With `frequency = "detailed"`, we obtain _in addition_ a column for each value in the state space $S$ which contains the distribution of $x_t$ for the occurrences of each context. For instance in the table above, the context $(0, 0)$ appears twice in $x$ and is followed once by $0$ and once by $1$.

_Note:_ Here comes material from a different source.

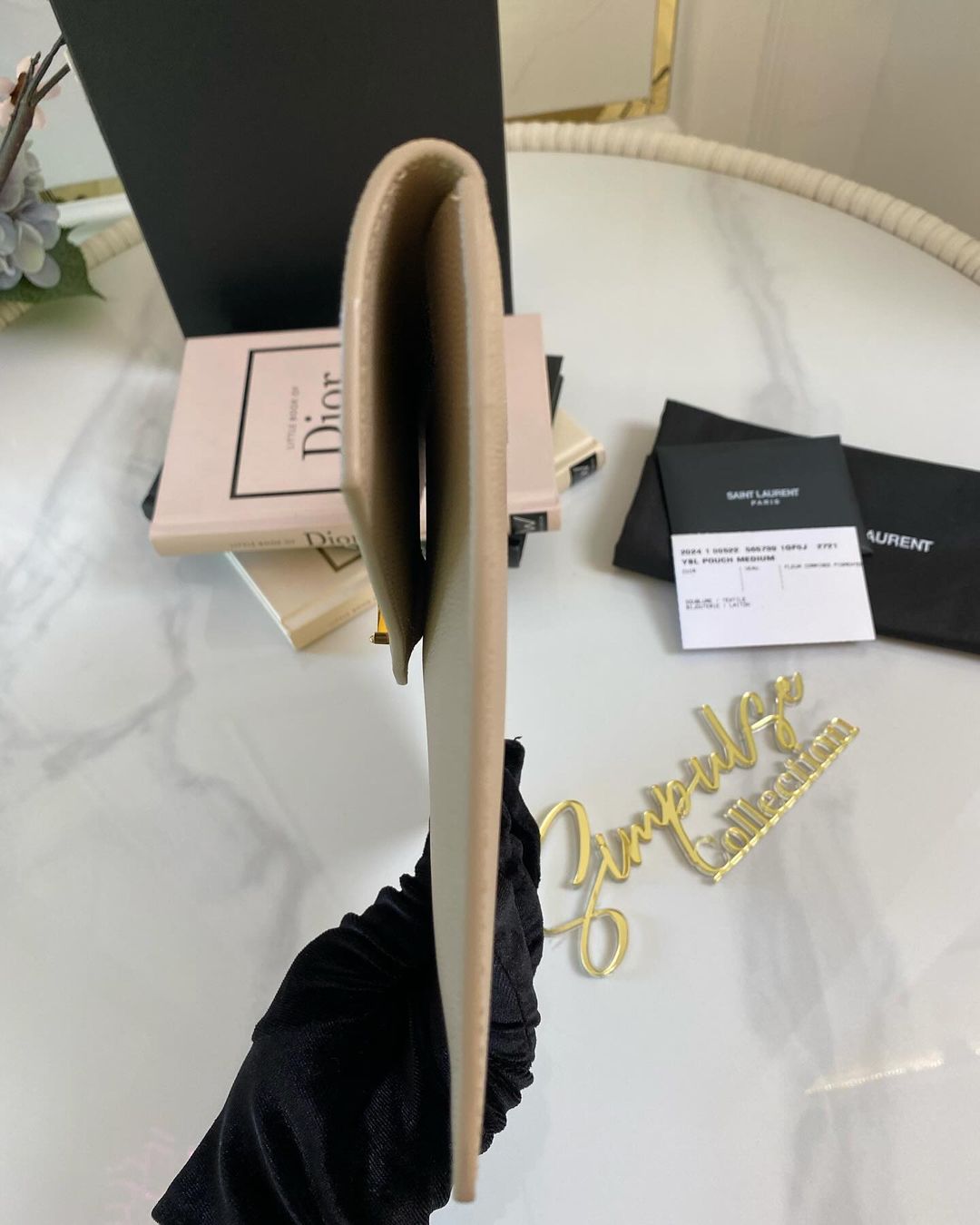 Y S L Uptown Leather Pouch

## Direct manipulation of nodes
Another way to extract information from a context tree, especially large ones, it
to operate at the node level, using the `find_sequence()` function (or the 
`contexts()` function). For instance exploring the `r context_number(y_ctx_min_1)`
contexts obtained above with `min_size=1` is not convenient, but we may be interested
by e.g. the sequence `c("a", "a", "a")`. We look for a corresponding node in the tree
with
```{r}
node_aaa <- find_sequence(y_ctx_min_1, c("a", "a", "a"))
node_aaa
```

As the result is not `NULL`, we know that the sequence appears in the original 
time series. It is not a context, as shown by
```{r}
is_context(node_aaa)
```
In this particular case, it is likely to be caused by longer contexts for which 
`c("a", "a", "a")` is a suffix. This can be verified by looking at the children
of `node_aaa`:
```{r}
children(node_aaa)
```
This shows that we have indeed three contexts that all end by `c("a", "a", "a")`.

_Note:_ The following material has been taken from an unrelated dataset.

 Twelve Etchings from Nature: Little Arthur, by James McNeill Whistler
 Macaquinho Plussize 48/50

Nodes carry information about the sequences or contexts they represent. The number
of occurrences of a sequence in the original time series is obtained with the
`counts()` function as follows:
```{r}
counts(node_aaa, frequency = "total")
```
Notice that as with `contexts()` those occurrences cover only positions where the
sequence is followed by at least one value. The distribution of those values is
given by another call to `counts()`:
```{r}
counts(node_aaa, frequency = "detailed")
```
If sequence positions were saved during the construction of the context tree, the
`ctx_node` can report them using the `positions()` function:
```{r}
positions(node_aaa)
```
See the documentation of the function for the definition of a position.